Num feudo cercado por gelo baiano, os bebês nasciam perfeitos, com pés, mãos e unhas. Morriam nos primeiros anos com tiros na cabeça; os tiros de raspão arrancavam as orelhas, outros tiros mais certeiros atingiam os miolos. Os pais órfãos riam sem controle porque juntos eles deixavam de existir e eram espectros fantasiados na fila do Cordão do Bola Preta de cujo rei, o Momo, saltava a cara mais impassível, atravessada pelo cruel esgar de um folião! Vamos rir, vamos nos rebentar, vamos rebentar o ventre de tanto rir, eram as ordens do bufão armado de um fuzil cruzado em frente ao peito.
II.
No funk da apoteose, um grito dissonava, um grito de ódio tão infinito quanto o amor. Ou prenunciavam-se as declarações de guerra? X9 vai cair. Bota a cara para morrer. Comando. Vermelho.
III.
Facções de descamisados ou uniformizados impunham o cumprimento das ordens. De uma das gondolas do teleférico, contabilizava-se as cabeças nos engenhos há quatorze minutos dos últimos seiscentos anos.
IV.
O manguezal se arrastava sob o céu, assim como a gente e os caranguejos guaiamum.

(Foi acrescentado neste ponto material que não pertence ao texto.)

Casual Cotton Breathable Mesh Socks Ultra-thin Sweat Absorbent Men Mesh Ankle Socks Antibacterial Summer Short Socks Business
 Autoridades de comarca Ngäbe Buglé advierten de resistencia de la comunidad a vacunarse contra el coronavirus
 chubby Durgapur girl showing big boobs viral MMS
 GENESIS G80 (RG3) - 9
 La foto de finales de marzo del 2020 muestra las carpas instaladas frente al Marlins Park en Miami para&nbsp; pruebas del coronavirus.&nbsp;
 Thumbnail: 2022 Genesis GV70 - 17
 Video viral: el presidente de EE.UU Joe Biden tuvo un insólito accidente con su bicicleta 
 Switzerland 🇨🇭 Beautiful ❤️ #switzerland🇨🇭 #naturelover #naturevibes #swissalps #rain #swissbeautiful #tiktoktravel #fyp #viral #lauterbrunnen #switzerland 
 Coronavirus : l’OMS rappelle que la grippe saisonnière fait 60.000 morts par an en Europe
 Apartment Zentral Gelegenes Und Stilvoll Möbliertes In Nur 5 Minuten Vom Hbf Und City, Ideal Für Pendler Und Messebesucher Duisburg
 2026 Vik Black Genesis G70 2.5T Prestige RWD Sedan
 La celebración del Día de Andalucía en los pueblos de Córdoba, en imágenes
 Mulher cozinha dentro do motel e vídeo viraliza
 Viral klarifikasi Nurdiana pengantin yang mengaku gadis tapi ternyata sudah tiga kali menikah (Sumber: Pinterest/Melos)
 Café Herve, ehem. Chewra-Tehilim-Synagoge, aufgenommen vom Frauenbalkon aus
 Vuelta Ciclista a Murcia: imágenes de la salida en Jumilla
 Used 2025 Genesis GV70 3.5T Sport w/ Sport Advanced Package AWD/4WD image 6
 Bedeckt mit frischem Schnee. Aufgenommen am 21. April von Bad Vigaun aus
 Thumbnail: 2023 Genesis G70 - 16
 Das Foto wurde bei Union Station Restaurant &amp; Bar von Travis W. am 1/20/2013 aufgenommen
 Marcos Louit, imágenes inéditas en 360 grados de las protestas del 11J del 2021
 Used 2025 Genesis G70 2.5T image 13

Ignoravam onde iam. As aves frias dispersas equilibravam-se nas ondas do vento. A restinga criava fronteira com o restante do mundo e usava da serventia da Lua e do Sol até as cores atrofiarem pés e patas no lamaçal. Devoradores da carniça e dos sedimentos de chumbo da Maré, a gente e os caranguejos retinham frações do céu nas carapaças. À cada toca correspondia uma hora antiga e passada e, por serem os abrigos vazios, neles o nada habitava por todo lado, o tudo-nada.
V.
Estirado sobre o chão, o exoesqueleto da menina espremia para fora meninos e meninas idênticos a ela cuja carapaça de fêmea no cio era cremosa e amarelada. Ana era Clara, Clara fora Ana, Bruna foi Sofia, Eduardo sempre de Jesus, Maria de Eduarda, Eduarda de Maria, João seria Antônio, Antônio é João, dispensando nome rosto ou cruz por não se distinguirem. Brian nasceu e morreu ontem no ventre universal.
VI.
Menina: onde mapearam a sua coroa estelar? Na contínua lei de reposição física dos corpos, você é fecundada por disparos, ruídos, cápsulas, rojões.
VII.
Um dos pescadores do manguezal instruía tão bem as crianças em desova do corpo da menina. Explicava-lhes que andassem para os lados, tesos e frontais, a fim de não perderem guarda das costas ou da cabeça. Tanto esforço para domesticar seres abençoados pelo Diabo era em vão! Que o pescador se ativesse à construção de barquinhos e redes enquanto os meninos e meninas insistiam em levantar-se das cambalhotas e fazer travessuras. Recusavam-se a manter suas cabeças rentes ao chão e os seus pés apontados para o céu, justo o céu iluminado pelos surtos da Nebulosa do Caranguejo. Deus os havendo feito errados (pés, mãos e unhas perfeitos não bastando), castigou-os com vida, nucas sem olhos e exoesqueletos. Condenou-os a olhar para um futuro que se desintegra no passado e a se encolherem, de cócoras, na regressão fetal.
VIII.
Quando chove, o esgoto sobe.
IX.
O pescador produz embarcações que poderiam embalar os meninos e as meninas para que escorregassem sem qualquer atrito do Morro do Timbau ao mar e fugissem do “ponto forte”.
X.
Era uma vez uma bela fábula. O Rei, o Momo, os líderes dos comandos, facções e exércitos encomendaram le gaz sarin para perfumar o manguezal. Os caranguejos alimentando-se de folhas amarelas tombadas ou de outros caranguejos sobreviveriam. A menina também, já que não parava de conceber e expelir.
Fim não existe.
(anônimo)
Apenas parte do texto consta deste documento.